Following your stop at the Barnes Foundation, visit the less extravagant but still elegant Rodin Museum, across the street and set within a lovely formal French garden. Admission to the Rodin Museum is “pay what you wish” while the garden is free to enter.
Nearby is the Fairmount Water Works on the Schuylkill River, which leads to Fairmount Park and the famous Philadelphia Zoo. The zoo’s 42-acre Victorian garden opened in 1874 and was the first chartered zoo in the United States. Admission is $50 for a family of four; hours of operation vary according to season.
On my recent visit, I quickly fell in love with Philadelphia. It’s easy to understand why. Not only is Philly a treasure trove of history, culture, art, food, innovation, diversity, music, sports and awesome neighborhoods, it’s a bargain, too.
More About Visiting Philadelphia
WHERE TO STAY
Loews Philadelphia Hotel
Location: 1200 Market Street
Room Rates: A recent search returned nightly room rates starting at $219 US.

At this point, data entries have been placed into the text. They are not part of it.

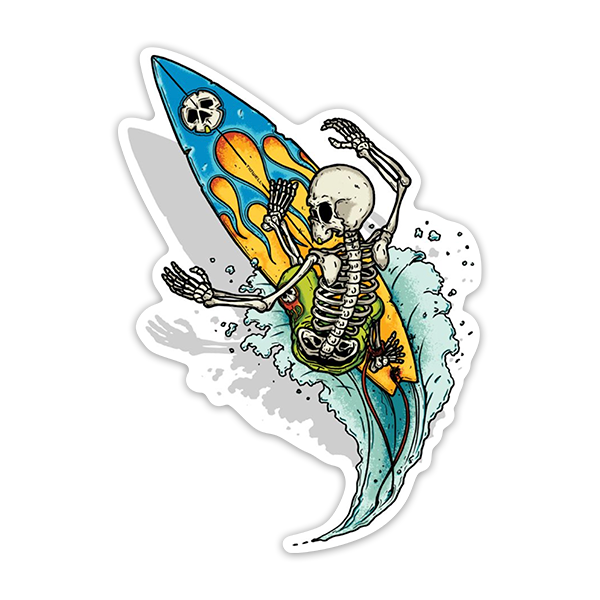 Car & Motorbike Stickers: Skeleton Surfing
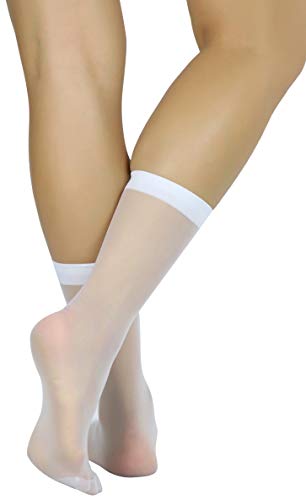 Image of ToBeInStyle Women's Pack of 6 Trendy Sheer Nylon Crew Sock Stockings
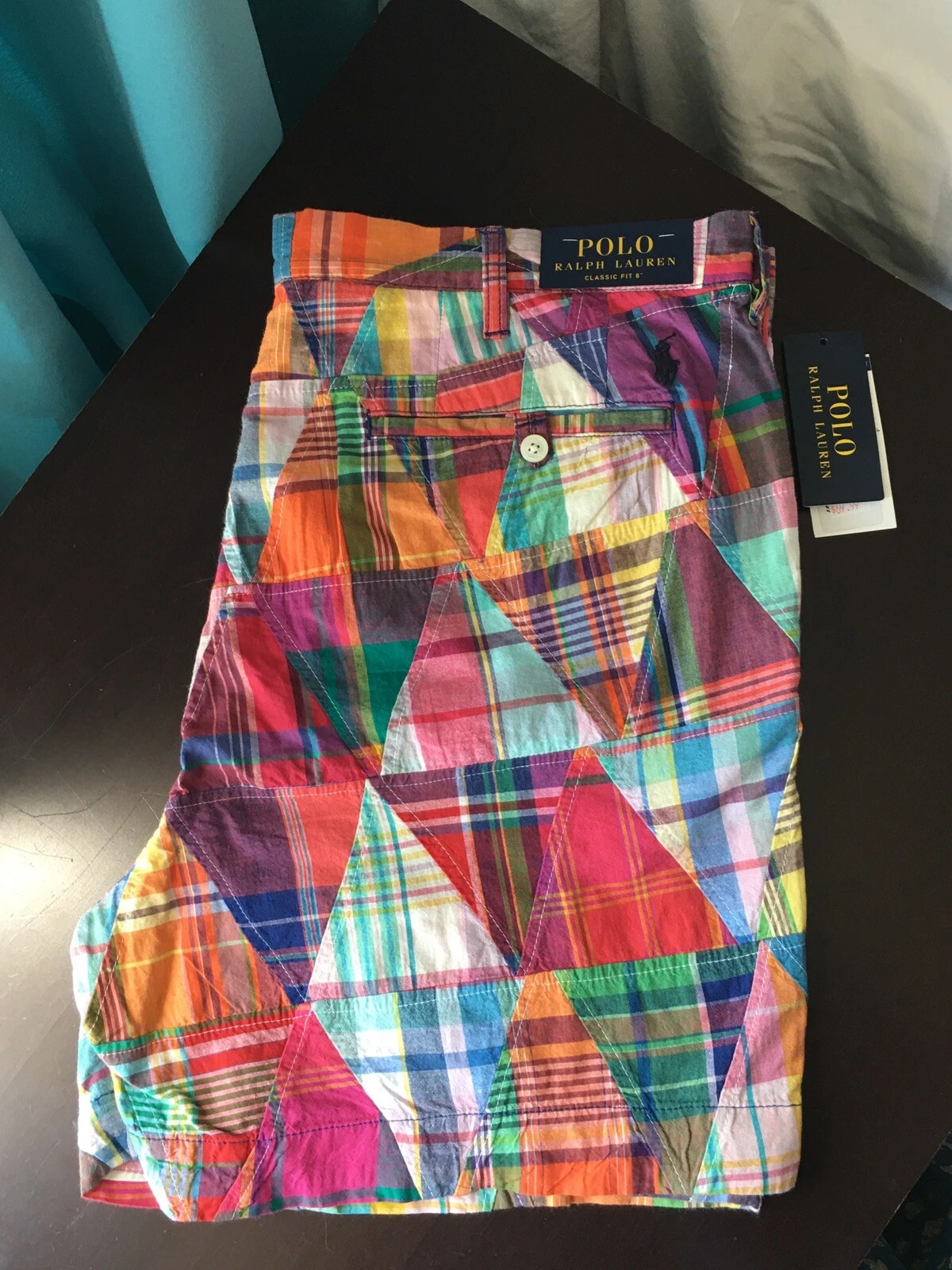 NWT Polo Ralph Lauren PATCHWORK MADRAS PLAID 6” Classic Fit Shorts size 33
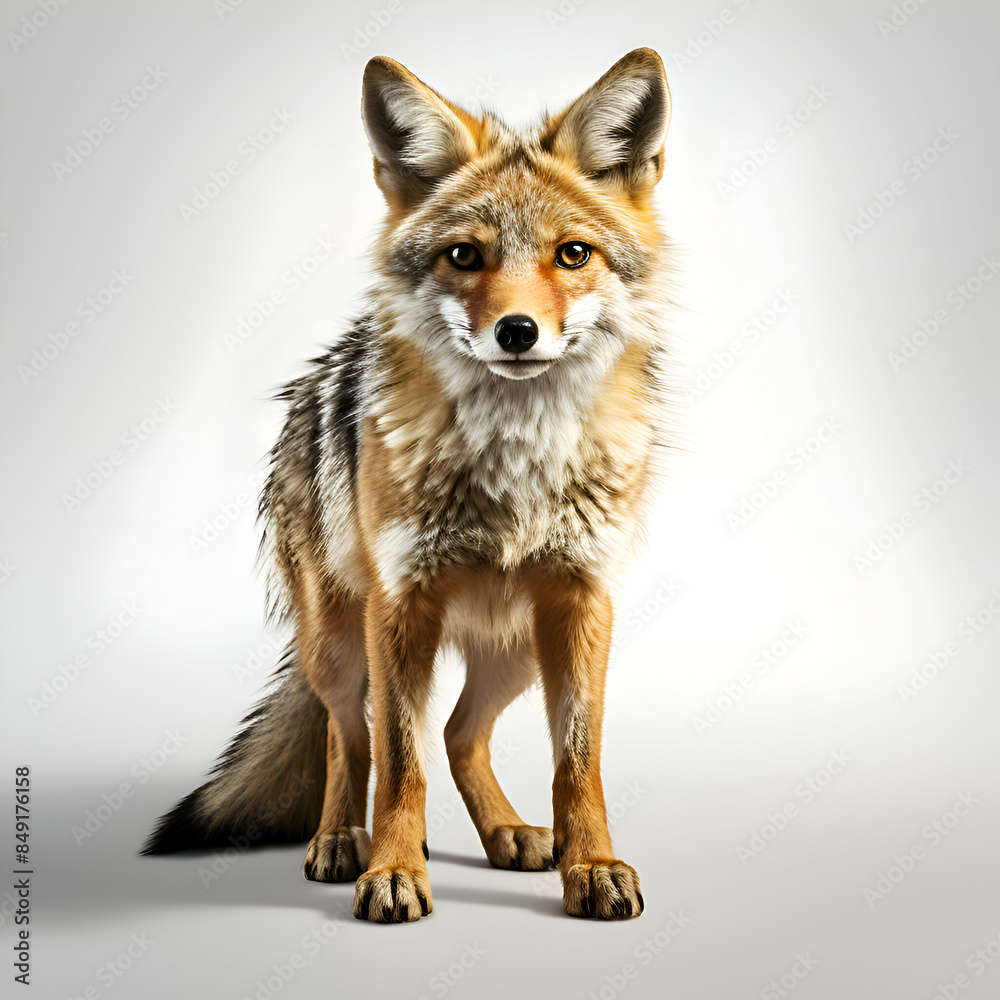 Fototapeta premium Red fox on a white background. 3d render. square image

What You Should Know: This historic property occupies the former Philadelphia Savings Fund Society. Art deco in style, it offers elegant hospitality with many conveniences. While here, roam around to see the building as it has been lovingly restored. It is located between the historic district and the Parkway Museums District.
WHERE TO EAT
Reading Terminal Market
Location: 12th & Arch Streets
What You Should Know: Reading Terminal Market is the United States’ oldest continuously operating farmers’ market and it is outstanding. All types of fresh daily food is available from the individual vendors in the market, including Philly cheesesteak sandwiches, homemade soft pretzels, Italian delights, gourmet coffees, pastries and chocolates. Amish merchants from Lancaster County occupy an entire section of the market where you can pick up their delicious farm-fresh products.
M Restaurant at the Morris House
Location: 225 South 8th Street
Menu Prices: Entree prices range from $15 to $20 for dinner. Small plates are available.
Reservations: Telephone 1-215-625-6666 or email info@MRestaurantPhilly.com
Hours: Dinner: Tuesday-Saturday, 4-10 pm; Sunday, 4-9 pm; happy hour: Tuesday-Sunday, 4-9 pm
What You Should Know: The restaurant is in a registered landmark property that is part of a boutique hotel and close to Independence National Historic Park. In the summer, diners are seated in the courtyard and garden. The farm-to-table menu is seasonal. A popular happy hour runs daily from 4-9 pm, and in the summer live jazz bands play in the beer garden on Wednesdays and Fridays from 6-8 pm.